What to work on: Set each record down exactly, excluding all images.

Data extract:
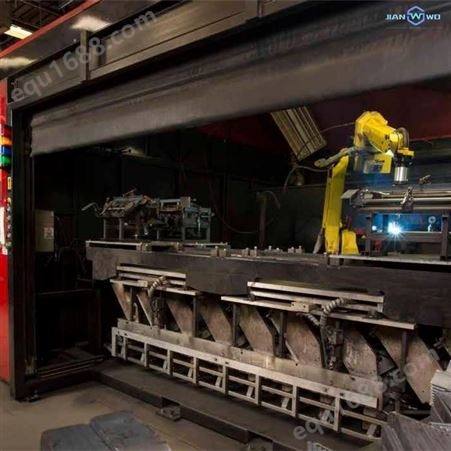 林肯自动化焊接 实现焊接与金属加工自动化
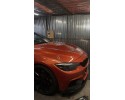 GTS Style Front Steel Engine Cover Mask for BMW F30 F31 F32 F33 F36 Color to be painted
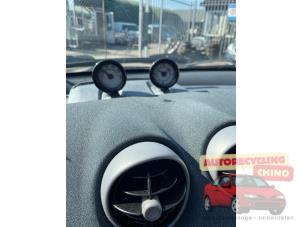 Smart Forfour 1.5 16V Sloopvoertuig (2004, Zwart)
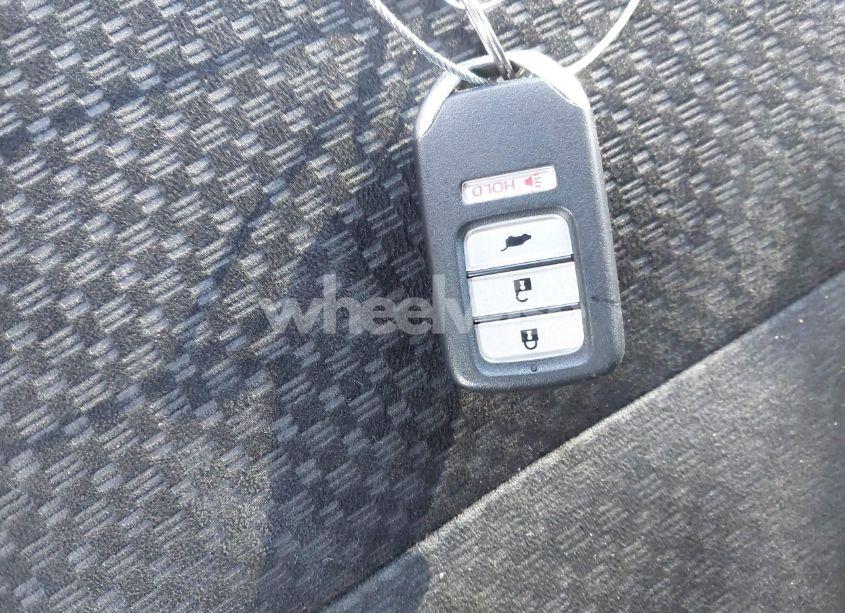 Photo 11 of 2016 Honda Cr-v EX (VIN 2HKRM3H51GH532707)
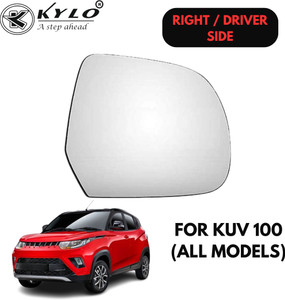 KYLO Manual Driver Side Rear View Mirror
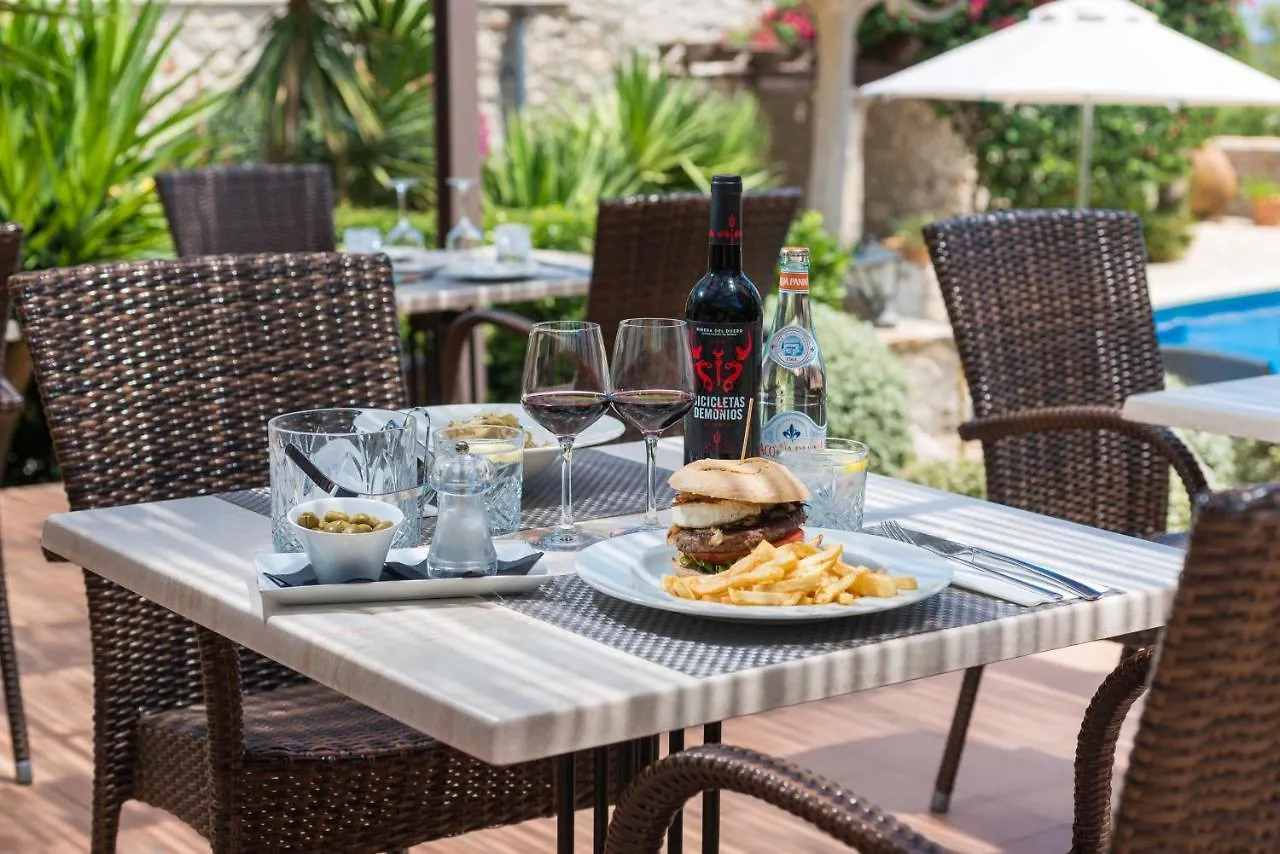 New Can Furios Hotel By Can Calco Hotels Selva  Country house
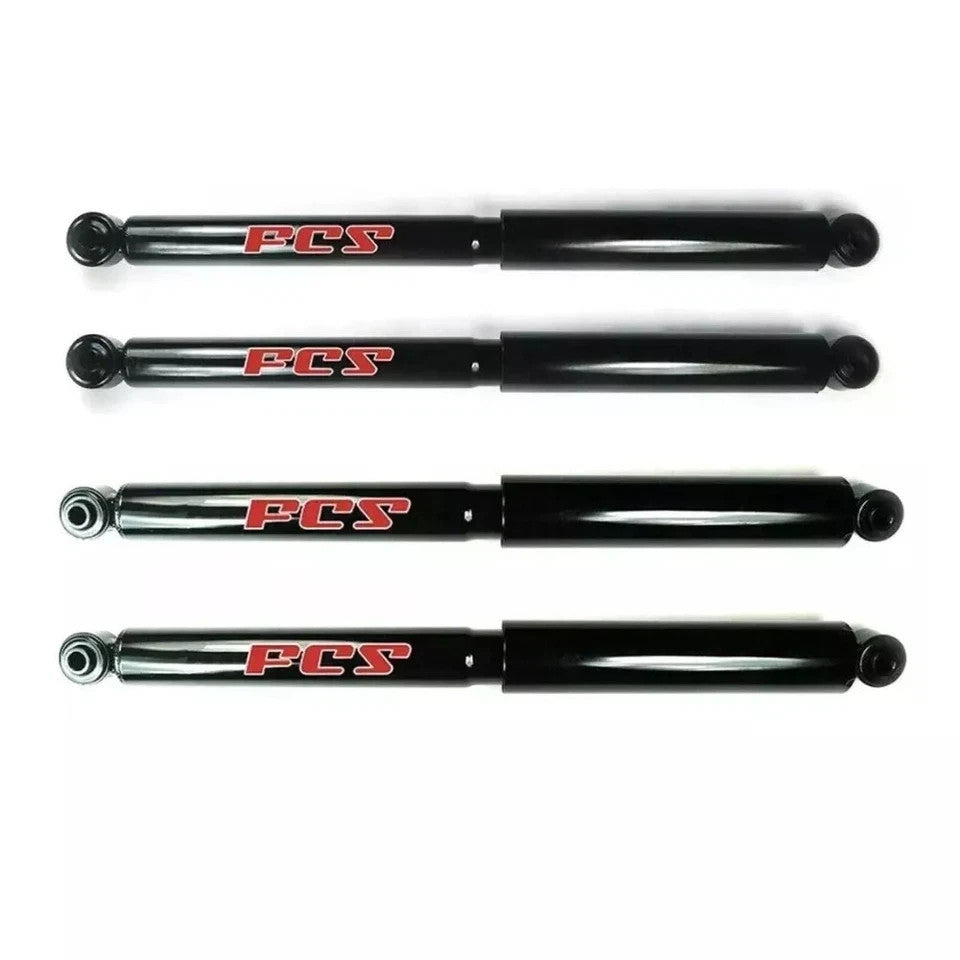Front & Rear Shocks for 1999-2004 Ford F250 F350 Super Duty 4x4 - FCS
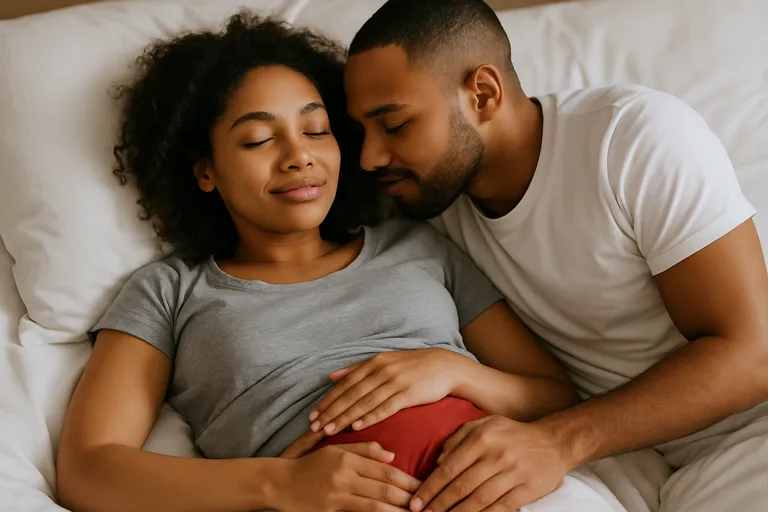 Gezondheid en veiligheid bij seks tijdens menstruatie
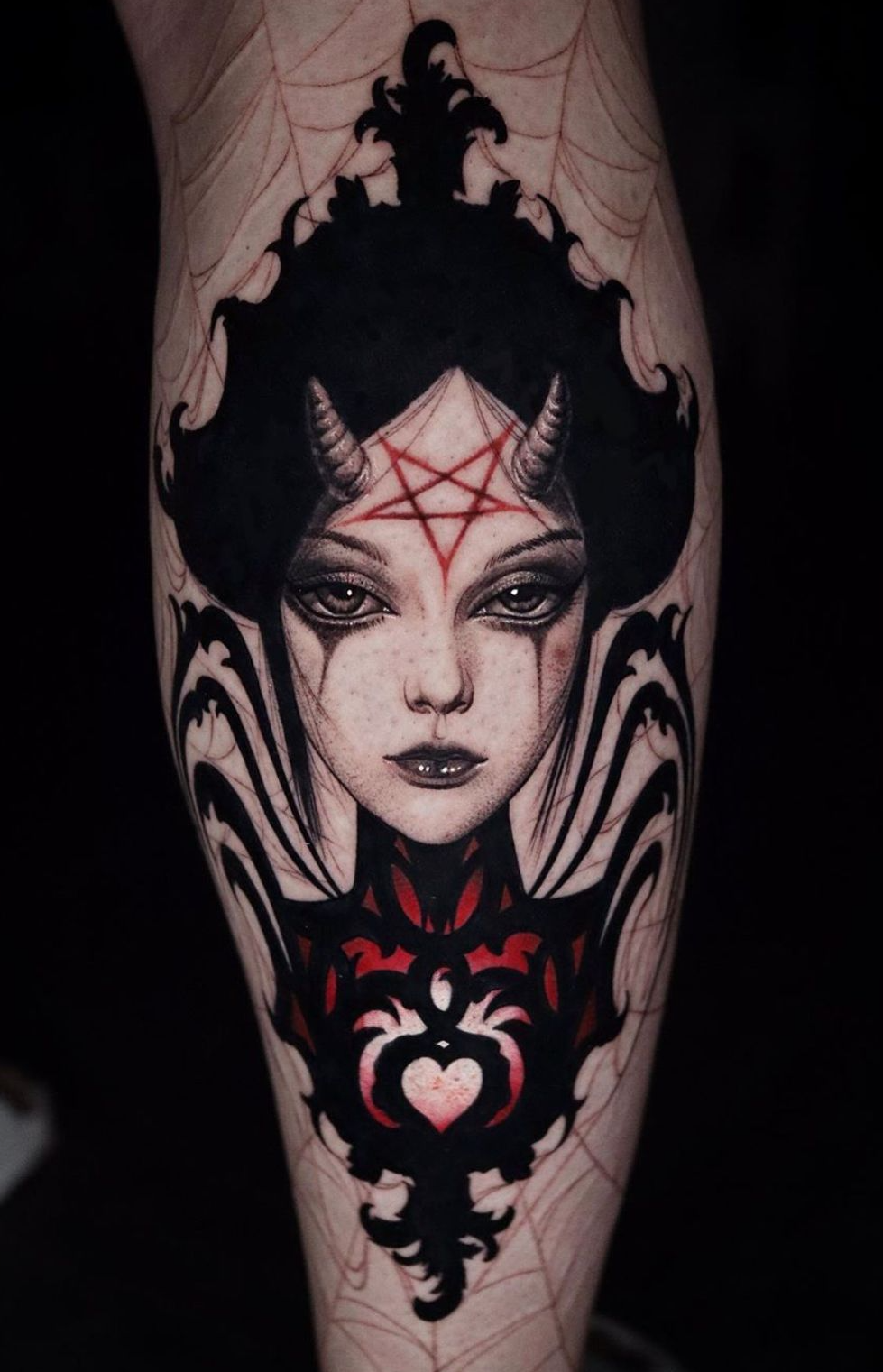Tatuajes de Lilith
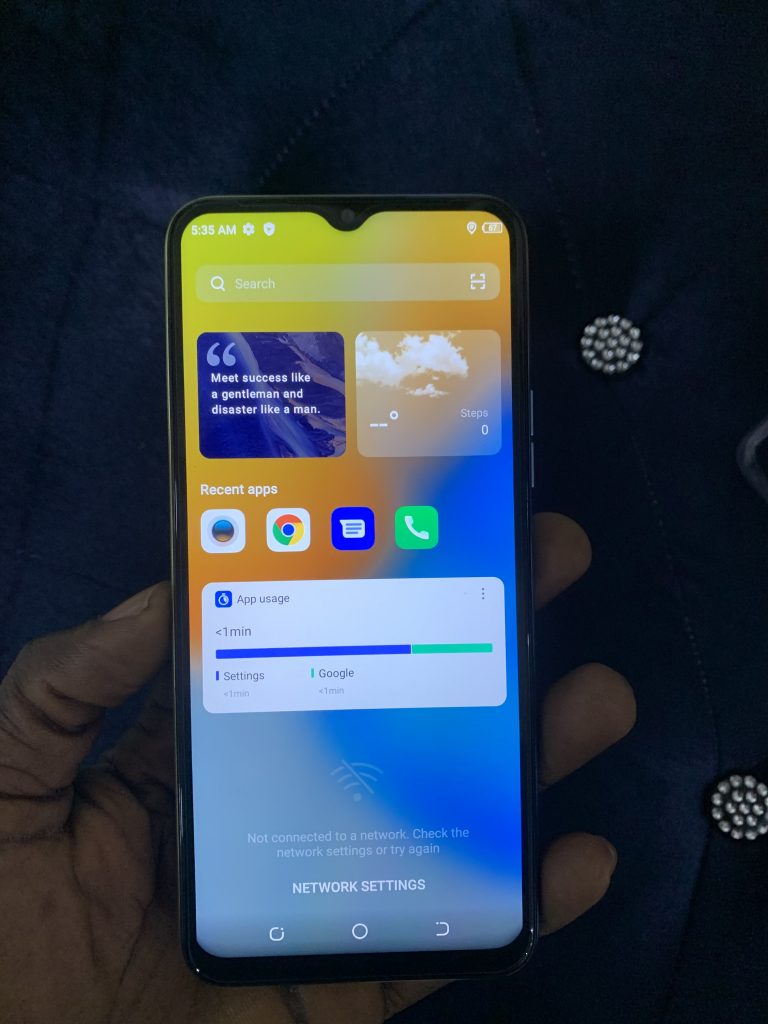 TECNO Spark 8P battery life and performance
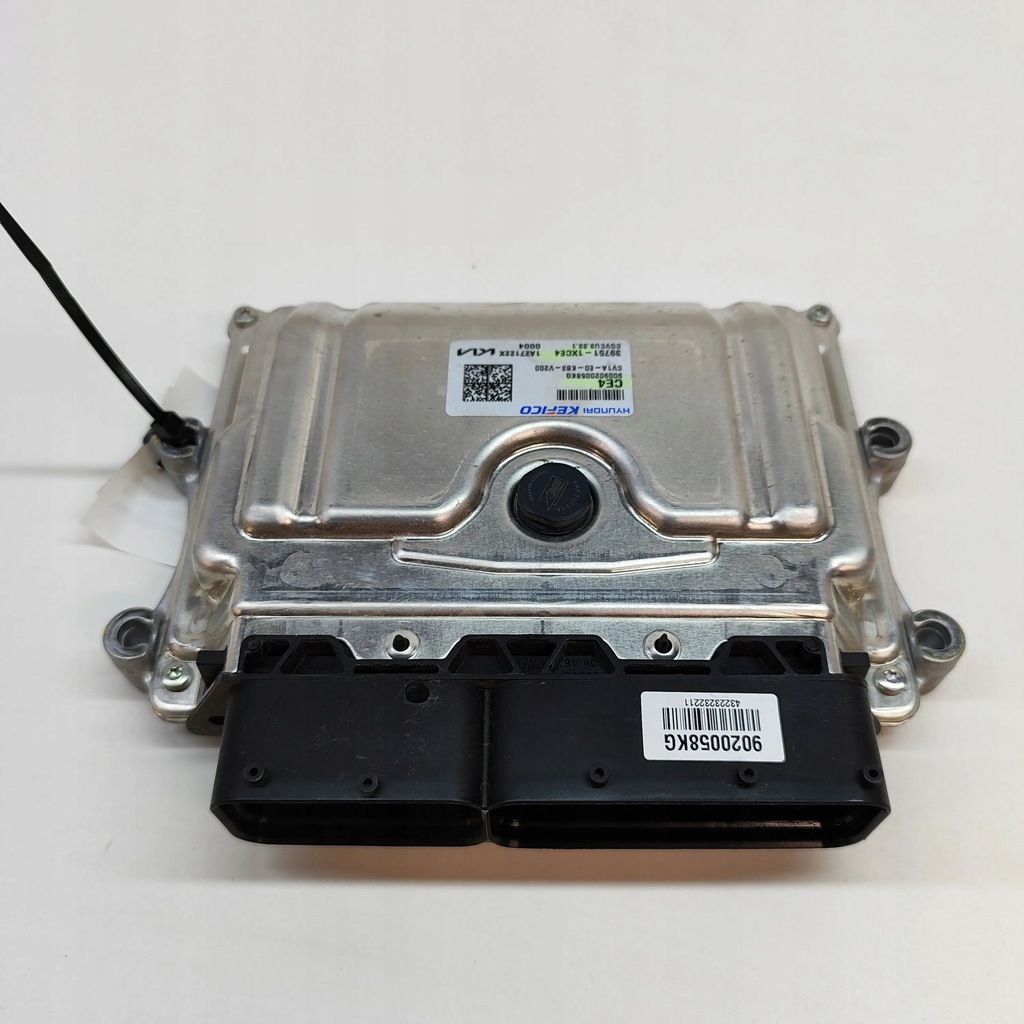 фото №1, Kia ev6 2023 блок керування / модуль ecu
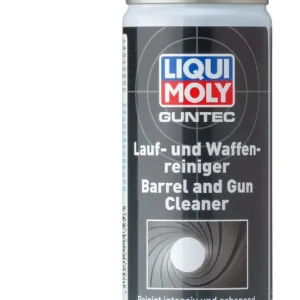 Beliebt LIQUI MOLY GUNTEC Lauf- und Waffenreiniger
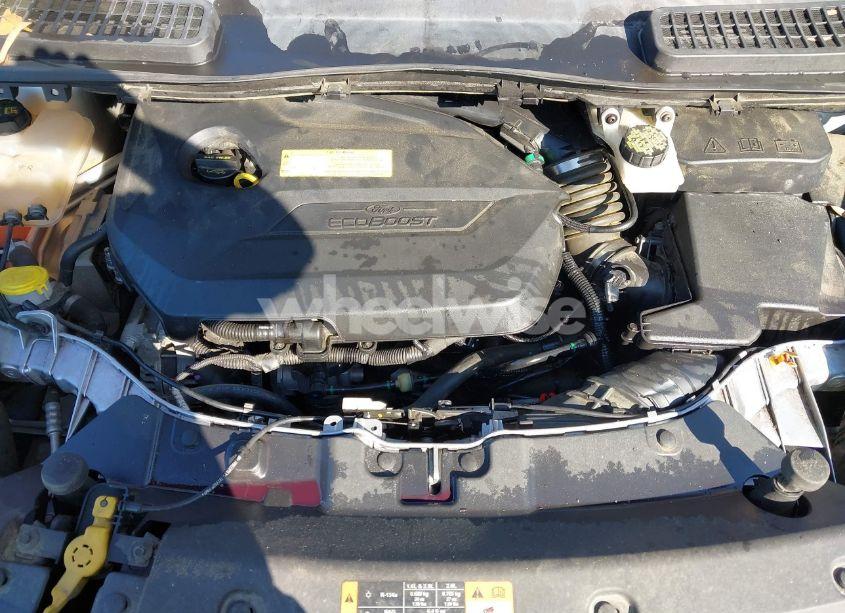 Photo 10 of 2016 Ford Escape SE (VIN 1FMCU0GX1GUA36024)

Answer box:
 林肯自动化焊接 实现焊接与金属加工自动化
 GTS Style Front Steel Engine Cover Mask for BMW F30 F31 F32 F33 F36 Color to be painted
 Smart Forfour 1.5 16V Sloopvoertuig (2004, Zwart)
 Photo 11 of 2016 Honda Cr-v EX (VIN 2HKRM3H51GH532707)
 KYLO Manual Driver Side Rear View Mirror
 New Can Furios Hotel By Can Calco Hotels Selva  Country house
Front & Rear Shocks for 1999-2004 Ford F250 F350 Super Duty 4x4 - FCS
 Gezondheid en veiligheid bij seks tijdens menstruatie
Tatuajes de Lilith
 TECNO Spark 8P battery life and performance
 фото №1, Kia ev6 2023 блок керування / модуль ecu
 Beliebt LIQUI MOLY GUNTEC Lauf- und Waffenreiniger
 Photo 10 of 2016 Ford Escape SE (VIN 1FMCU0GX1GUA36024)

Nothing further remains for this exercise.